Taft was not a successful president, both because he faced a difficult situation and because he lacked political gifts. A deepening division within the Republican party between progressives and conservatives, which Roosevelt had smoothed over and evaded, dogged his administration from the outset. Taft's attempt in 1909 to revise the protective tariff, which had grown increasingly unpopular, became a fiasco when conservative Republican senators subverted the legislation. Taft, however, failed either to work out compromises or to fight for his programme, and he alienated his former progressive supporters. Relations with progressives deteriorated further in 1910, when, after a complicated administrative struggle, Taft fired the chief of the Forest Service, Gifford Pinchot, the nation's leading conservationist and a friend of Roosevelt.
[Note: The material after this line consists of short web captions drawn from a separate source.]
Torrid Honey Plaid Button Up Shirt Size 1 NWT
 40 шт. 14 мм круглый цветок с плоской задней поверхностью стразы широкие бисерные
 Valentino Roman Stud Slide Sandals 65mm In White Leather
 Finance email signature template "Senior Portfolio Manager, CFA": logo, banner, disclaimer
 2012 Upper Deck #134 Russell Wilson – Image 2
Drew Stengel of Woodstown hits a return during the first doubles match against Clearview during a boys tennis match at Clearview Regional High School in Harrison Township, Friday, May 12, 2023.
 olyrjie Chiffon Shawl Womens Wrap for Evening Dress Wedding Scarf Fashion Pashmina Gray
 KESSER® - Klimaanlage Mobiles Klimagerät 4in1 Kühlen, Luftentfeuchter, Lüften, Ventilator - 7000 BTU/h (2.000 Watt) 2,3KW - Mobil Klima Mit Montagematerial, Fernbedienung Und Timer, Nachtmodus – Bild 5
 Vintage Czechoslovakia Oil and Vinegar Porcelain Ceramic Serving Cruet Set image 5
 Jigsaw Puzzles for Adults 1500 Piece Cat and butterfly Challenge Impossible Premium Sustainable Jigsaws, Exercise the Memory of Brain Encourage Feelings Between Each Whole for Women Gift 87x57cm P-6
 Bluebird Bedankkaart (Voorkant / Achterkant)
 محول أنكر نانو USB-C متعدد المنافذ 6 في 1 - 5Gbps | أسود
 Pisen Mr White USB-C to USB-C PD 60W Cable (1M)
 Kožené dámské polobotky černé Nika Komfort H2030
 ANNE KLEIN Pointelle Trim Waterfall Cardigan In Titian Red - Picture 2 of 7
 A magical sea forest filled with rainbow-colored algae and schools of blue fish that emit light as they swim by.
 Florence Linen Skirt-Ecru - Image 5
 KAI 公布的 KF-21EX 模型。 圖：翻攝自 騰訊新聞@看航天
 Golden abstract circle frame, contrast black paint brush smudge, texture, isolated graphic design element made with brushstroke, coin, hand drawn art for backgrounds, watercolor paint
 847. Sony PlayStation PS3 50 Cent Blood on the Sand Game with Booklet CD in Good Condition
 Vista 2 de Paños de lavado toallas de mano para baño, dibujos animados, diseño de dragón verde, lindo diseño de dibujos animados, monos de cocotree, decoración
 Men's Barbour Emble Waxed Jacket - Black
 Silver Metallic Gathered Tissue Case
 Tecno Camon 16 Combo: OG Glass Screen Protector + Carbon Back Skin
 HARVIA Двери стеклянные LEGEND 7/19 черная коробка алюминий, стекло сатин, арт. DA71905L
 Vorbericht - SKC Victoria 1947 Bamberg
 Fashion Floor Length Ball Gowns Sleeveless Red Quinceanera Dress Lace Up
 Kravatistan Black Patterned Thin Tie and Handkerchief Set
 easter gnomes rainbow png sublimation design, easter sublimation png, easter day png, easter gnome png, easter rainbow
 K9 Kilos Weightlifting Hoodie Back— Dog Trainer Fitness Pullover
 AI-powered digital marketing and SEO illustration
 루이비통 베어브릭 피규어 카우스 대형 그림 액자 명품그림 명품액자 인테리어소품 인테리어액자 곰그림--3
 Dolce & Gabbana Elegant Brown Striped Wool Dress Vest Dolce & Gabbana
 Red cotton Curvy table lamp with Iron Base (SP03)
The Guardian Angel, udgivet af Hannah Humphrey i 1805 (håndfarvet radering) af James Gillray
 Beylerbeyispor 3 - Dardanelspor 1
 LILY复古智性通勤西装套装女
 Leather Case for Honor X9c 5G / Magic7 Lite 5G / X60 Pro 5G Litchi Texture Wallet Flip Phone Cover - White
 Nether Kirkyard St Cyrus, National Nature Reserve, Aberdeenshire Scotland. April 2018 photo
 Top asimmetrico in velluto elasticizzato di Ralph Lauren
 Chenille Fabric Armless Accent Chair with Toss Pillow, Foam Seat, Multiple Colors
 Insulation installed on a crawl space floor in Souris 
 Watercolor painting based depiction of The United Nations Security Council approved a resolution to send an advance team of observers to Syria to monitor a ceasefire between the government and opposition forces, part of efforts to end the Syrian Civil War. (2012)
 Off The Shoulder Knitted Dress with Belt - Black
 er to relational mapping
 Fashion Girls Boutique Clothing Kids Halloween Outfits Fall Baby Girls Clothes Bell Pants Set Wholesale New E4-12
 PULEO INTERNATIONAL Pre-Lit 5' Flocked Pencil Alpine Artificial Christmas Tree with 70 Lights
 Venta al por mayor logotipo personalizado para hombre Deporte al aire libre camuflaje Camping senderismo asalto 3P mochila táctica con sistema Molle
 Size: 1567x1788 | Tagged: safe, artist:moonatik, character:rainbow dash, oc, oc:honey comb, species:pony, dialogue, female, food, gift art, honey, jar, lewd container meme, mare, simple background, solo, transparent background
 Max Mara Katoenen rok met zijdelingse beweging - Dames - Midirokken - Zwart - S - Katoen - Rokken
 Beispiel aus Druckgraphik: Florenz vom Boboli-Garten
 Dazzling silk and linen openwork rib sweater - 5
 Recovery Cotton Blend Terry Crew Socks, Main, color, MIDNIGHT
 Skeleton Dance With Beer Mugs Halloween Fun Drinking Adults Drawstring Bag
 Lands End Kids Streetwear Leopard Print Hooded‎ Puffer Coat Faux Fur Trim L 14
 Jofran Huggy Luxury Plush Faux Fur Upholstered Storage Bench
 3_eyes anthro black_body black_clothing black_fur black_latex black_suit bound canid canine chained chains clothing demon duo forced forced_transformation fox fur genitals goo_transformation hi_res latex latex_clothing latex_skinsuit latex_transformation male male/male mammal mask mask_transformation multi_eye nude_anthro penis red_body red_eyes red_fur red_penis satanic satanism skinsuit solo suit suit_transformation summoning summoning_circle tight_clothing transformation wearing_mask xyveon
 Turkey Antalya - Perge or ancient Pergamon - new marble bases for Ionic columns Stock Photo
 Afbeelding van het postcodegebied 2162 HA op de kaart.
Republican unity collapsed in the 1910 primaries when Taft unsuccessfully opposed several progressives supported by Roosevelt, and they and the Democrats scored big victories in the autumn elections. Those conflicts doomed the Taft administration politically, although it did compile a number of accomplishments, including establishment of the Federal Children's Bureau, vigorous antitrust prosecutions of big business monopolies, and a restrained, pacific foreign policy. Taft suffered a severe personal and political blow early in his term when his wife was partially incapacitated by a stroke (1909).

Taft's presidency might have ended quietly if Roosevelt had not run against him in 1912. Siding with progressive dissidents, Roosevelt won most of the primaries but lost the Republican nomination because Taft controlled the party machinery. Complaining of a “steal”, Roosevelt then left the Republicans to head the newly formed Progressive party (Bull Moose) ticket. By this time, Taft regarded Roosevelt as a dangerous demagogue, especially because of his criticism of court decisions, and he stayed in the presidential race without hope of winning, only to keep Roosevelt from being elected. Although he finished behind Roosevelt, carrying only Utah and Vermont, Taft split the usual Republican vote and threw the election to the Democratic nominee, Woodrow Wilson. He was pleased at the outcome and left the White House with undisguised relief.

IV

Later Career

Taft's years as ex-President were among his happiest and most productive. In 1913 he became a professor at Yale Law School and finally succeeded in reducing his renowned weight below 300 lb. He remained active in the Republican party, and although he criticized Wilson's domestic policies from an increasingly conservative stance, he supported his successor's foreign policies and in 1915 headed the League to Enforce Peace, which advocated a league of nations before Wilson did. After the United States entered World War I in 1917, Wilson appointed Taft cochairman of the National War Labor Board, and when the Republicans regained the White House in 1921, President Warren G. Harding named him Chief Justice of the United States, fulfilling Taft's long-held dream. Taft became one of the great Chief Justices in the history of the Supreme Court. He again showed his administrative ability by reducing the Court's backlog and securing passage of the Judiciary Act of 1925, which gave the justices more control over the selection of cases to be heard. Taft also impressed his judicial views on the Supreme Court, forsaking his own earlier progressiveness for a more conservative stress on property rights and governmental limitation. A majority of the justices retained his viewpoint until the late 1930s. In February 1930, Taft resigned the Chief Justiceship in failing health, and he died on March 8, 1930.